The centerpiece of dismay: a modular unit, formerly used as a classroom at Colonial Heights Middle School, that officials placed in front of the shelter facility. Critics, many of whom self-identify as animal rights advocates and shelter volunteers, immediately found fault with the structure — its appearance, where it was placed, its cinder block foundation and lack of a porch or steps.
It has just been moved to the site. The county isn’t finished with the project. And it wasn’t a surprise.
County officials have publicly stated their goal was to add a new administrative and visitors area which would serve as a new main entrance to the shelter. And they said they planned to start by locating a used modular unit in front of the current facility.The goal is threefold: Get the offices and visitors’ first impressions out of the main facility where the animals are kept; in turn, free up space within the shelter to add room for cats; and eliminate a “bottleneck” that is the current entrance — which is narrow and often can have incoming animals, outgoing animals, volunteers, employees and potential adopters all mingling in close quarters.
According to public records, the school system gave the modular unit to the county, which spent about $5,000 to pay a contractor to move it from the school to the shelter and to place it on the foundation. The exact spot was determined by how best to avoid power lines and in-ground pipes that service the main facility.
Much of the rest of the work will be performed by county maintenance staff, who are also busy on other projects. But the list of things to be done now to the much maligned modular unit include: power-washing and painting the exterior; gutting the interior; and installing new floors and new partitions. Outside work to be done includes: construction of ADA-compliant access to the unit’s entrance; the addition of underpinning; and the enclosure of what is now an open area between the modular unit and the front door of the shelter.

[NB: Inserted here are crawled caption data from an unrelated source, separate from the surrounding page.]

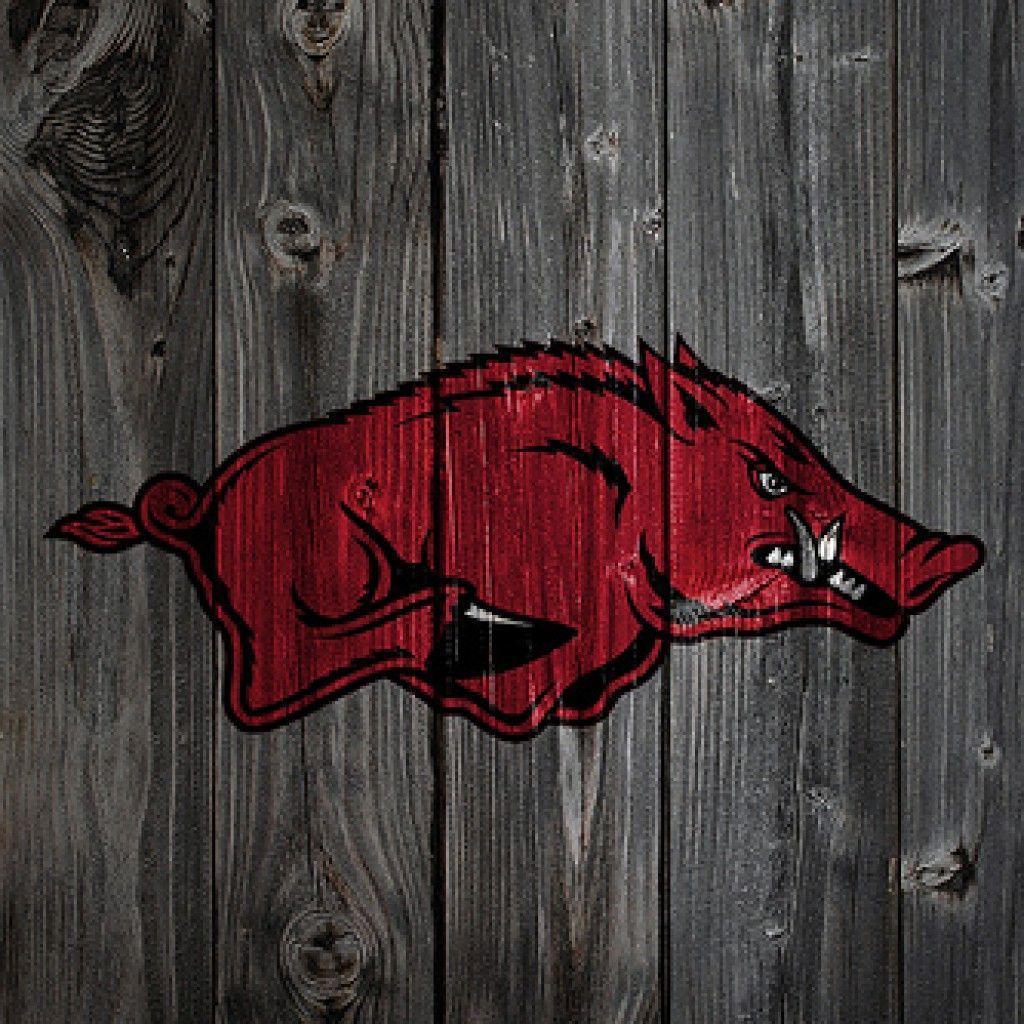 arkansas razorbacks football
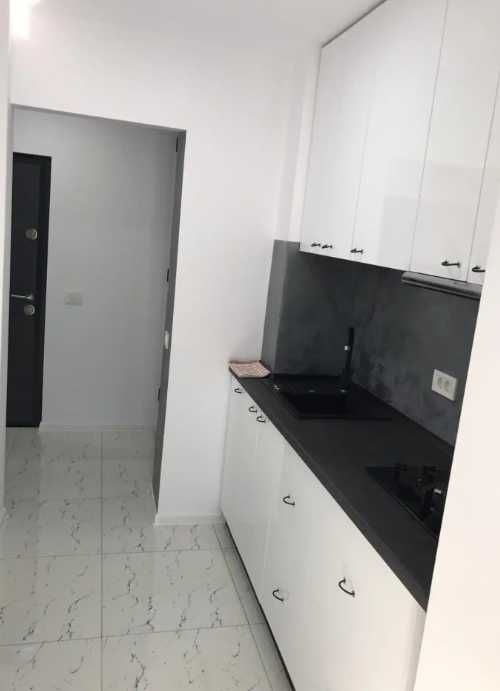 Дава се под наем Двустаен апартамент в Пловдив, Кючук Париж - 54 кв.м за 265 € - Снимка #2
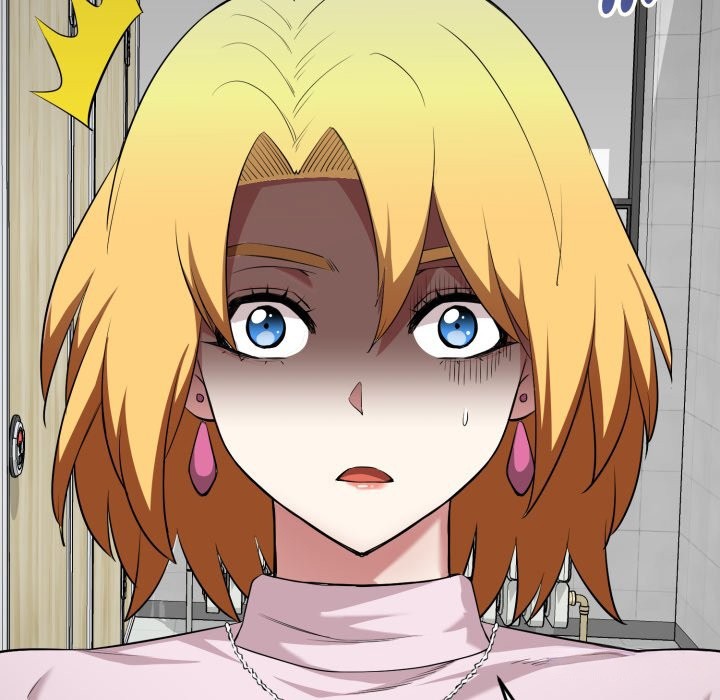 启动復仇系统第10話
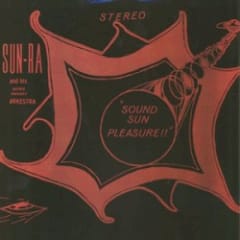 Sound Sun Pleasure!!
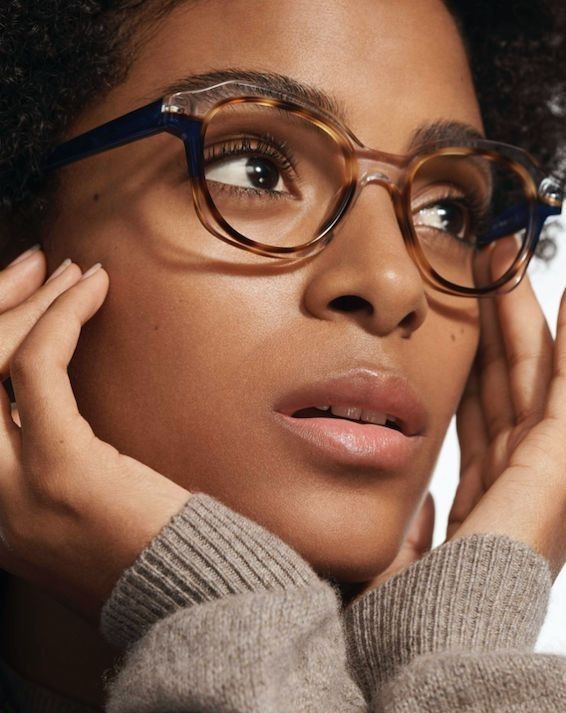 Lunettes de vue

Work on the modular unit is expected to take a couple of weeks and cost another $5,000.
The information above is based on a public discussion of the issue by multiple officials during a Sullivan County Budget Committee meeting on Thursday.
During that meeting, Director of Schools Evelyn Rafalowski asked if the county would like to have any more modular units because the school system has several available.
Commissioner Angie Stanley said she had taken the time to go to the animal shelter to see for herself what was up with the modular unit.
Stanley indicated she was pleased with what she saw.
“It’s a big improvement from what we’ve got,” Stanley said, adding she had also toured the main shelter and found it to be clean throughout.
Having workers on the scene explain to her how the plan calls for enclosing the current entrance area (roughly following the path of a current awning) helped her gain enthusiasm for the concept.